Before supplying the tokens to evaluate, they first have to be converted to the Reverse Polish Notation using toRPN. Like tokenize, this function is not guaranteed to return a valid sequence of tokens if the input is inherently incorrect.

// Next, convert the tokens to Reverse Polish Notation (RPN) using the toRPN function. Note the different order.
const RPN = toRPN(tokens);
// new Denque([
//   [TokenType.Atom, "H"],
//   [TokenType.Number, 2],
//   [TokenType.Subscript],
//   [TokenType.Atom, "O"],
//   [TokenType.Add]
// ]);

Finally, the RPN token sequence can be supplied to evaluate to evaluate the formula. This will throw a concise error if the input is incorrect.

evaluate(RPN); // Map {"H" => 2, "O" => 1}

Molecule Class

The Molecule class includes methods for performing basic arithmetic operations on molecules. By default, these methods return new Molecule instances, which means that they do not mutate the original molecule. However, each method also has a mutable counterpart (e.g. add and addMut) that can be used to modify the original molecule instead.

An AtomLiteral is a type that represents a valid atom in a chemical molecule. It must be either a single uppercase letter (e.g. "H" for hydrogen), or a combination of an uppercase letter followed by a lowercase letter (e.g. "Cl" for chlorine).
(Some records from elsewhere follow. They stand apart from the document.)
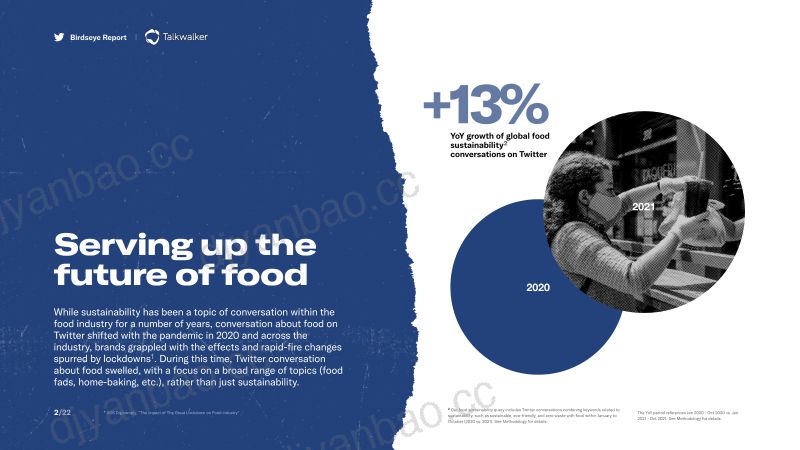 Talkwalker：2022年食品行业深度研究报告（英文版）（21页） 第2页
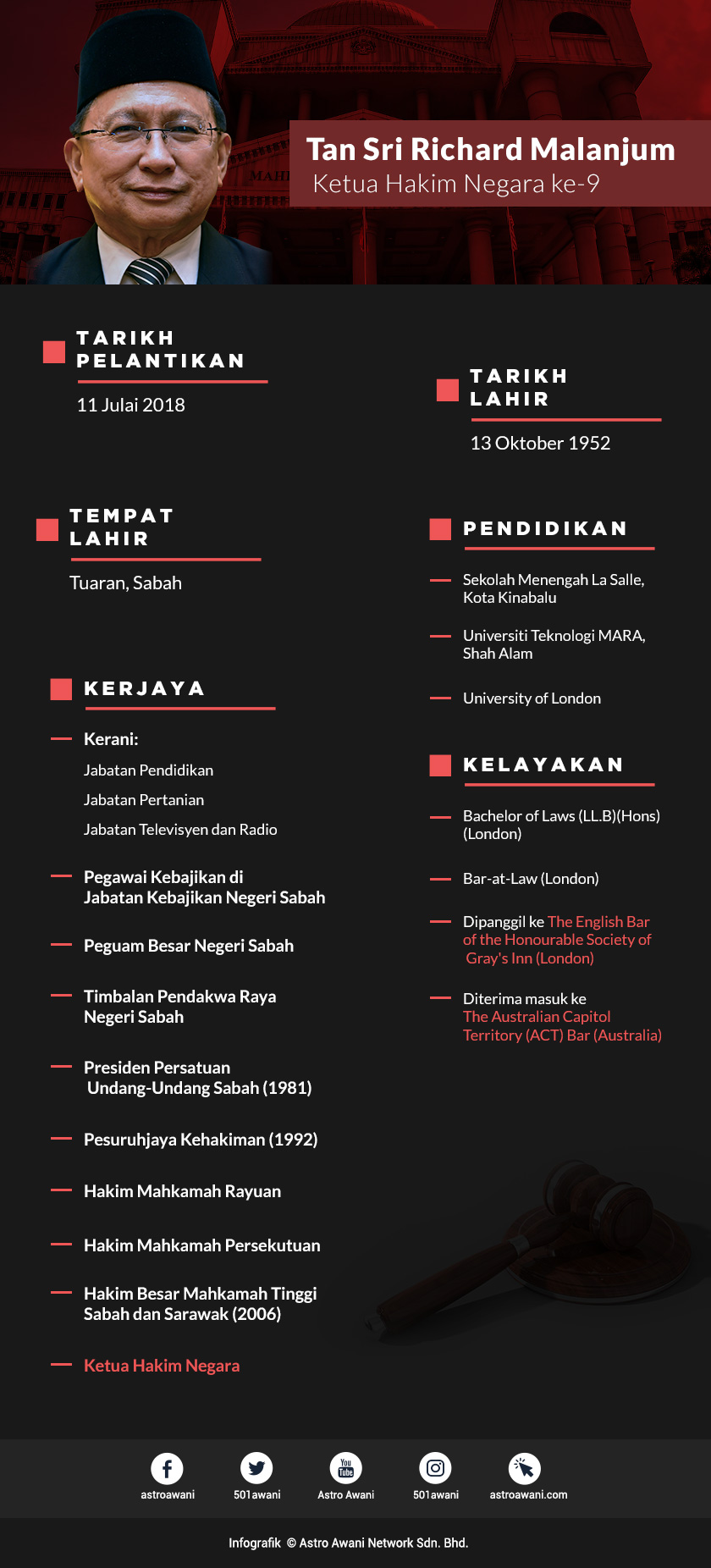 Infografik tentang Tan Sri Richard Malanjum. - Astro AWANI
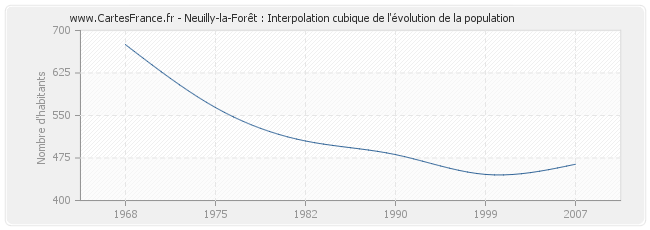 Neuilly-la-Forêt : Interpolation cubique de l'évolution de la population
Molecule objects can be constructed in several ways:

  • With no arguments, to create an empty molecule
  • With a single AtomLiteral argument, to create a molecule containing a single atom at a frequency of 1
  • With a single AtomLiteral and a number argument, to create a molecule containing a single atom at a specified frequency
  • With a Molecule argument, to create a new molecule with the same atoms and frequencies as the input molecule
  • With an array of tuples, where each tuple contains an AtomLiteral and an optional number, to create a molecule containing the atoms and frequencies specified in the input array

The Molecule class also contains several methods for manipulating molecules:

  • The set method can be used to add or update the frequency of an atom in the molecule
  • The add method can be used to add a molecule to this molecule
  • The subtract method can be used to subtract a molecule from this molecule
  • The multiply method can be used to multiply this molecule by a number
  • All other methods provided by the standard Map class

In addition, the Molecule class has a fromAtom static method that can be used to quickly create a molecule containing a single atom at a specified frequency.

Design and Implementation

Stoik uses a combination of recursive descent parsing and the Shunting-yard algorithm to parse and evaluate chemical formulas. The tokenize function uses a simple state machine to split the input string into tokens, and the evaluate function uses a stack to evaluate the formula in RPN.

License

Stoik is licensed under the LGPL 3.0 license. See the LICENSE file for details.